In my experience in silicon valley, people start with building something small/simple (but in a big market), get little drips of funding from investors as they show progress. If they fail at any point along the way, there's value in what they've created, and they exit for whatever they get. The later you exit, typically the further along you get, and the bigger the exit. That's why the diversity of outcomes in the valley are everything from zero to billions, and companies raise anywhere from zero to a dozen rounds of funding.

At any inflection point in the business, you have lots of options: you can sell, raise more money, raise more and cash out some shares, you can quit, you can make yourself chairman and have your cofoudner run it, you can do nothing and grow it organically, etc., etc.

Each one of the choices above are part of your arsenal of options at almost any point. The people who choose to raise tons of money, not cash out at all, and then who fail- well, they made a series of active decisions to do all of that. They're big boys.

My point is, when you're building a company you can make a lot of choices along the way, and it's not just setting out for a suicide run of either 1% of $100M or 10% of $10M. Choosing to raise outside financing is sort of like deciding whether or not you want a cofounder (or 2, or 3) - it just another form of business partner.
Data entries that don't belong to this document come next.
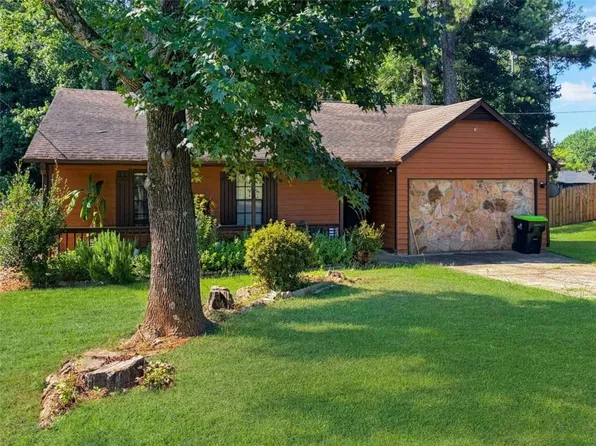 5687 Pine Meadows Ct, Morrow, GA 30260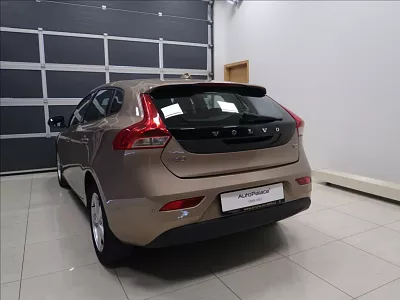 Volvo V40 2,0 T2 Drive-E  Kinetic 90 kW hnědá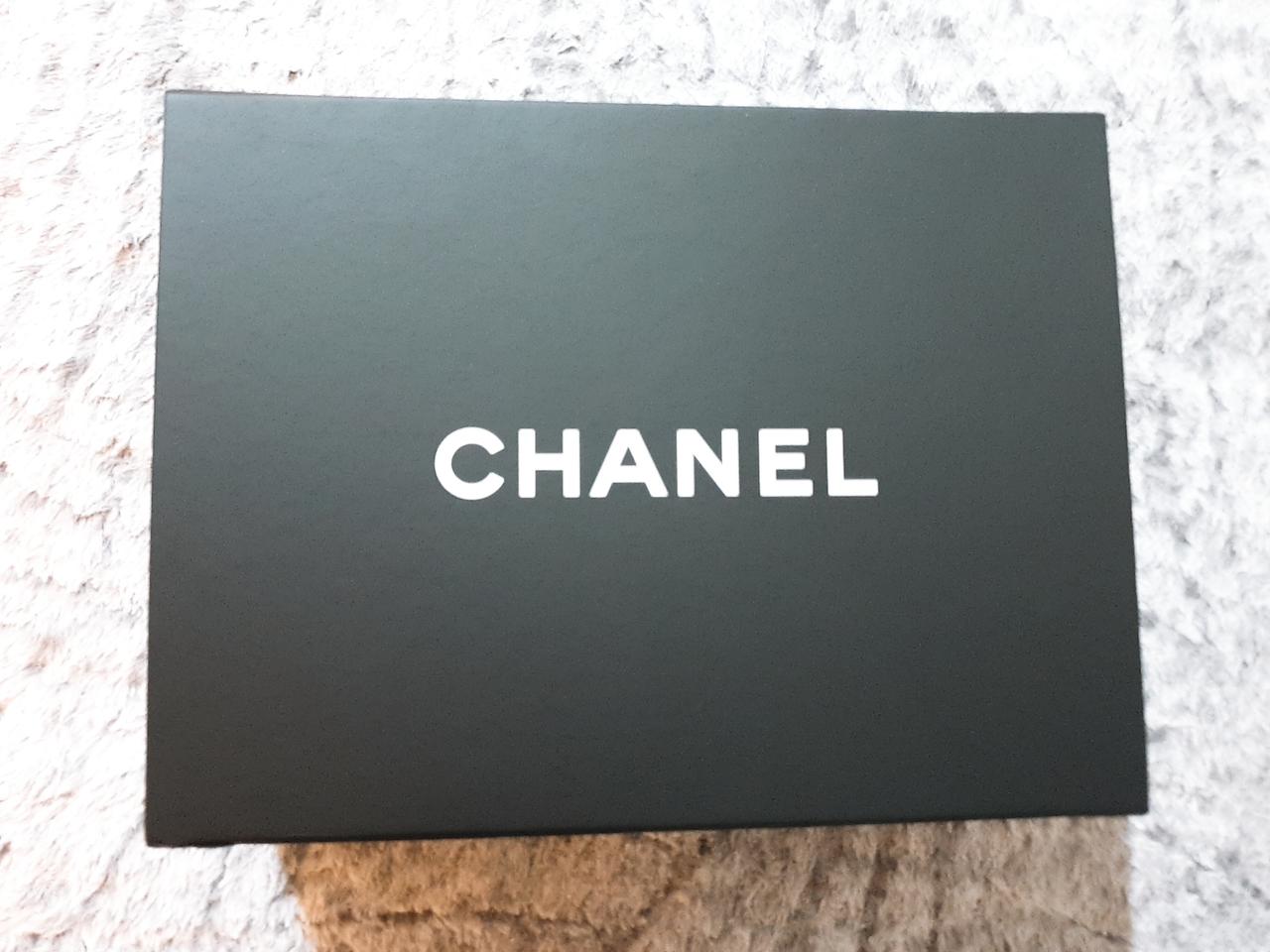 (가격내림) 정품.새상품 샤넬 보이백 미듐은장 램스킨 파리 샤넬본점 구입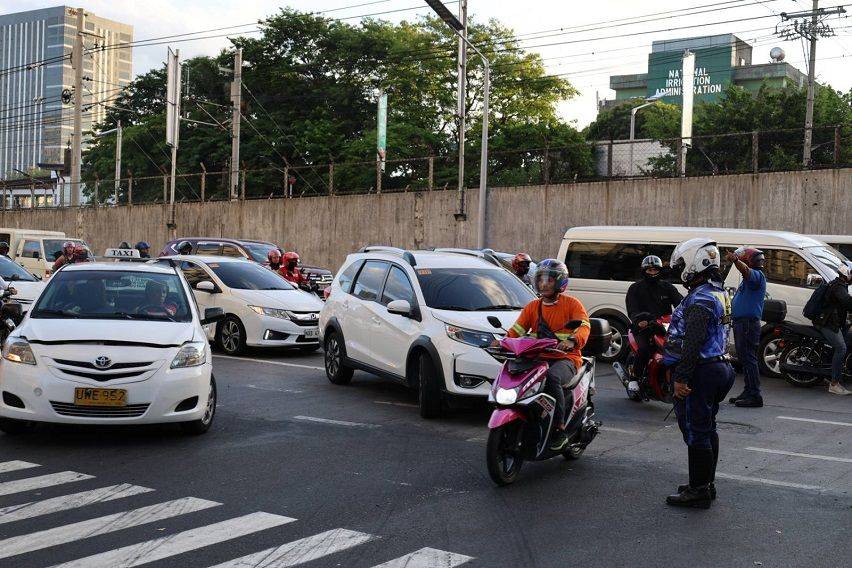 MMDA at EDSA-Kamuning Flyover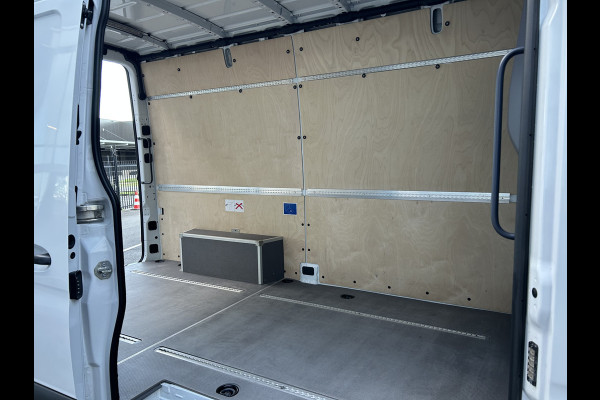 Mercedes-Benz Sprinter 317 CDI L2 H2 360 Camera / MBUX / Navigatie / Parkeersensors / Cruise control / Airco / 270 Graden achterdeuren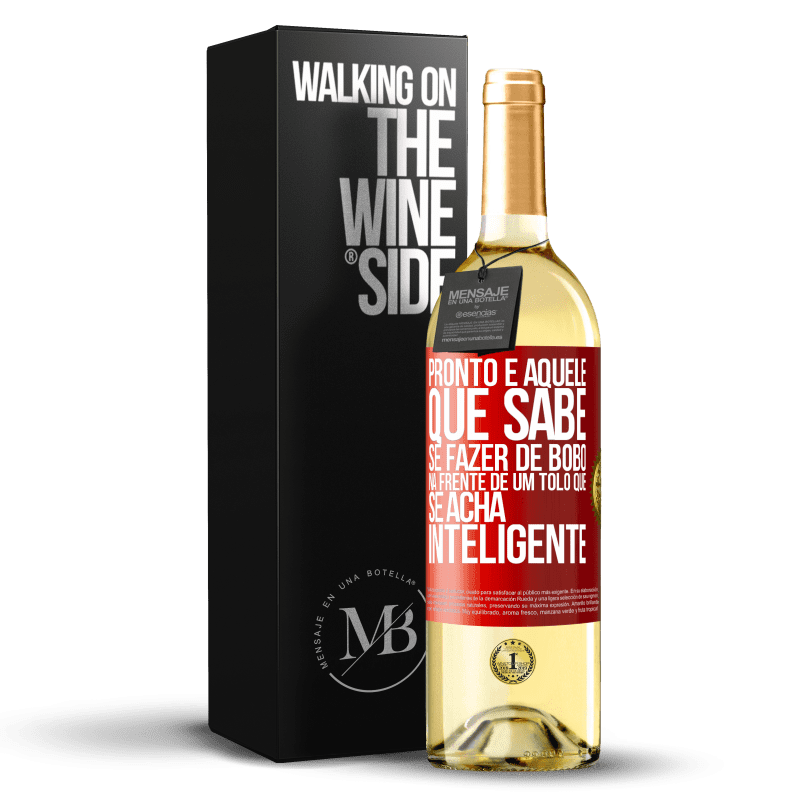 29,95 € Envio grátis | Vinho branco Edição WHITE Pronto é aquele que sabe se fazer de bobo ... na frente de um tolo que se acha inteligente Etiqueta Vermelha. Etiqueta personalizável Vinho jovem Colheita 2023 Verdejo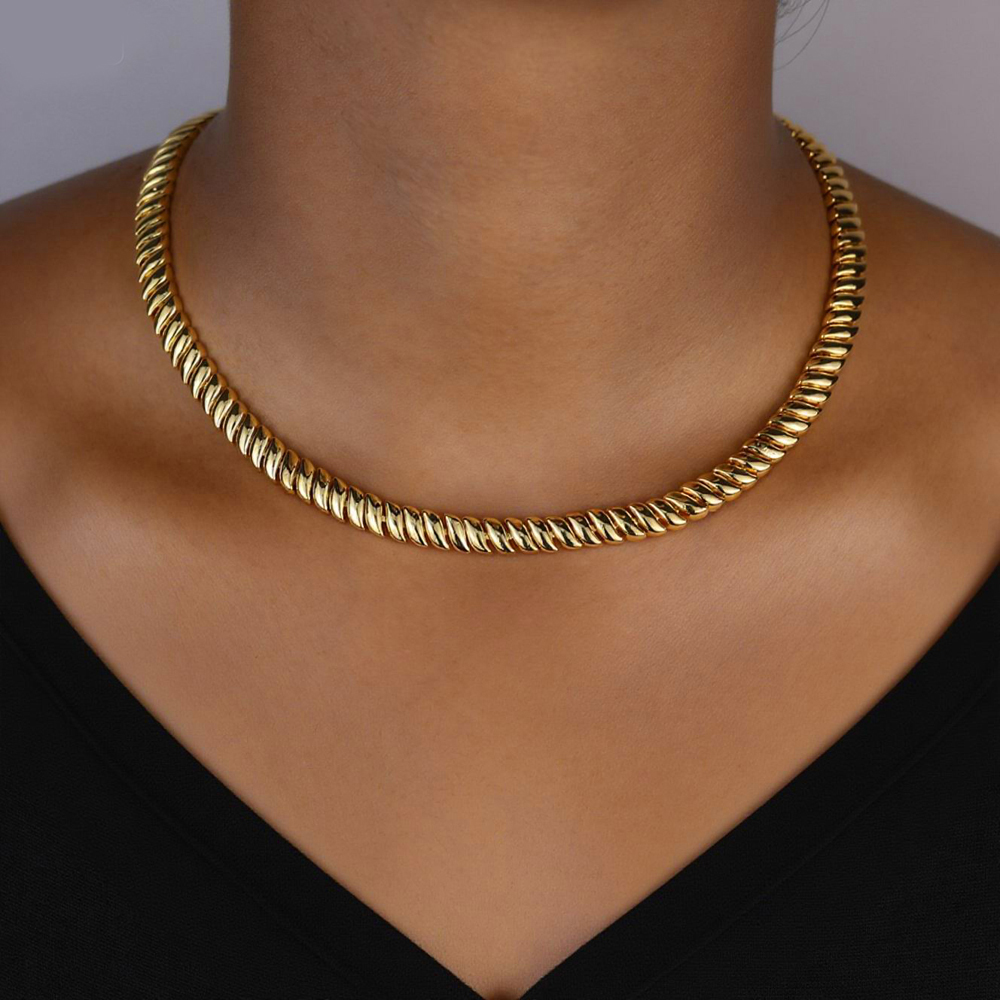 2025 NEW High Quality Bling Cubic Zirconia 7MM leaf Shaped Charm choker Fashion Women necklace Christmas Gift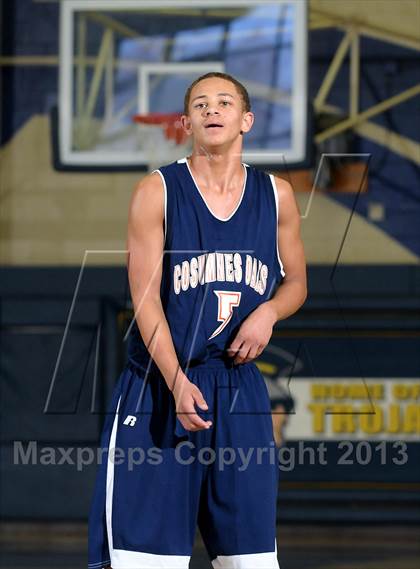 Thumbnail 1 in Cosumnes Oaks vs. Ponderosa (Trojan Toss-Up) photogallery.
You get less %, but hopefully they add to the business in a meaningful way that leaves you better off.



At any inflection point in the business, you have lots of options: you can sell, raise more money, raise more and cash out some shares, you can quit, you can make yourself chairman and have your cofoudner run it, you can do nothing and grow it organically, etc., etc.

Ah, but this is only true for bootstrapped companies or very early stage companies with little funding. Once you raise a Series A or B, your options are basically to grow as fast as possible or get fired and replaced by someone who will.

And this narrowing of options and loss of control is another thing I dislike. A successful bootstrapped company can always go raise money at great terms. But once you do, you can't go back.

To be clear, I'm not blaming investors or saying anyone is being cheated. But I do think that many young, naive, overly-optimistic people end up taking a path they wouldn't take if they saw the world a little more realistically. It's the same situation with early startup employees, who almost always get shafted.


That also depends on the terms of your funding. It's your choice to give up board control; you can negotiate for a majority voting stake, but you have to have negotiating leverage. Zuckerburg not only kept sole control of his company, he also took cash off the table, so even if Facebook tanked in 2006 he would still end up a millionaire.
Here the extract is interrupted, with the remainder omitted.